(Exercise data Opens)

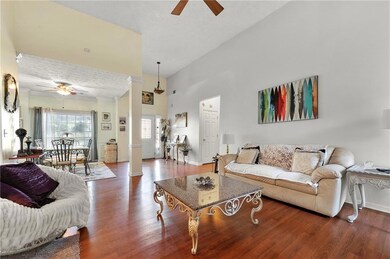 Living room with baseboards, a ceiling fan, and wo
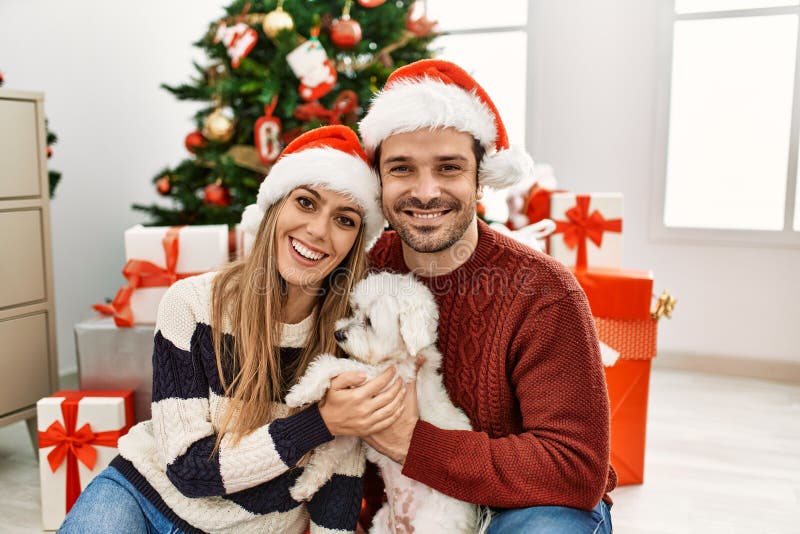 Pareja hispánica joven con sombrero de navidad sentada en el suelo con perro en casa foto de archivo libre de regalías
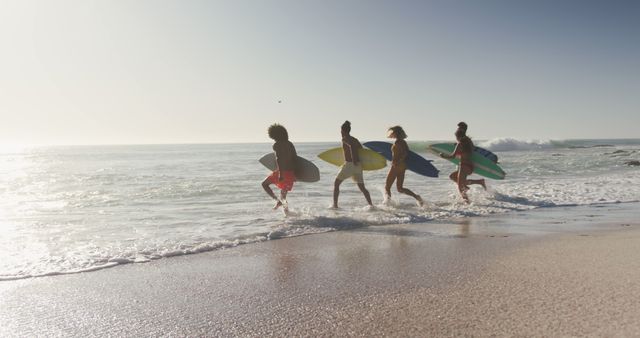 Diverse women and men running to the sea with surfboards form beach. Summer, free time, friendship, vacation.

(Exercise data Closes)

The listing above must be printed again exactly, minus its pictures.

 Living room with baseboards, a ceiling fan, and wo
 Pareja hispánica joven con sombrero de navidad sentada en el suelo con perro en casa foto de archivo libre de regalías
 Diverse women and men running to the sea with surfboards form beach. Summer, free time, friendship, vacation.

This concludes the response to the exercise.